It looks like a lot of work for the case where one wants a double
result from a histogram of integral values. Wouldn't it be easier to just add a template parameter to from_histogram()
to set the result type? So that you would write this:
std::vector<int> hist{1, 1, 1, 1};
EXPECT_EQ(median::from_histogram<double>(hist), 1.5);
Furthermore, you only allow std::integral
and std::floating_point
types. But what about other types that are ordered and would in principle allow a midpoint to be calculated, like for example a custom fraction or bignum type?
Consider using a projection function
You have 5 overloads for from_histogram()
, 2 to handle ranges with an implicit value, 3 to handle tuples of at least 2 values, where the first tuple element is taken to be the value, and the second the count. What if I have a range of 3-tuples and the count I'm interested in is in the third element? What if my value/count pairs are in a regular struct
instead of in a std::tuple
?
Consider allowing a projection function to be passed to from_histogram()

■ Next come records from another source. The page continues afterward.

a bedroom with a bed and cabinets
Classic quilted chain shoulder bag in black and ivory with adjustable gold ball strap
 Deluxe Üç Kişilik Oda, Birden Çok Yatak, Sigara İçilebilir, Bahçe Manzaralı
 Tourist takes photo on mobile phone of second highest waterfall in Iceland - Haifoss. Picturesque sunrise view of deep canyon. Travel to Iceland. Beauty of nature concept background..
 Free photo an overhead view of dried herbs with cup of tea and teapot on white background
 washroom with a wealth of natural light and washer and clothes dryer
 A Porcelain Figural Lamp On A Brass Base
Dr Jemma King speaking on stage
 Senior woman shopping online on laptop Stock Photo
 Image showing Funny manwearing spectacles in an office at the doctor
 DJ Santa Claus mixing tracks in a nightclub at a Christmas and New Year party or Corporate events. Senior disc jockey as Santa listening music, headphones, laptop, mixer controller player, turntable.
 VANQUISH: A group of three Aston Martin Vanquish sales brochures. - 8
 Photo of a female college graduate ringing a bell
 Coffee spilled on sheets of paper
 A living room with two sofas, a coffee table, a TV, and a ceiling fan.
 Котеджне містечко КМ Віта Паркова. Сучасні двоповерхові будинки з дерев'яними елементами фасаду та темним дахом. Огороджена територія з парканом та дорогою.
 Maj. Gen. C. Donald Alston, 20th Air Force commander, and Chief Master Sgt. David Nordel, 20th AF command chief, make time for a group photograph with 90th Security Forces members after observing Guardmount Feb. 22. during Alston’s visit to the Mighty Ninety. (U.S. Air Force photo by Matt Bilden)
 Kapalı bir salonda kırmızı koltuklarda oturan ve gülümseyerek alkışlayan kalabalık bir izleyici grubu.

that allows customizing how value and count information is extracted from the input range. You can provide a default function that does the equivalent of your current overloads:
template<std::ranges::forward_range R, class Proj = std::identity>
requires (/* Proj valid for R */)
auto from_histogram(R const& input, Proj proj = {}) {
if constexpr (/* projection returns a single value */) {
/* enumerate */
...
} else if constexpr (/* projection returns a 2-tuple */) {
/* split return value of projection into value and count */
...
} else {
/* return a compile error */
}
}
Overflow handling
I question any code which would produce a histogram whose counts sum to more than can be stored in the count type; it would likely be buggy itself, as a different distribution of values could then already cause an overflow. But your algorithm can handle that, which is good.
I wonder if left_sum * 2
could wrap? If so, your algorithm could return an incorrect result.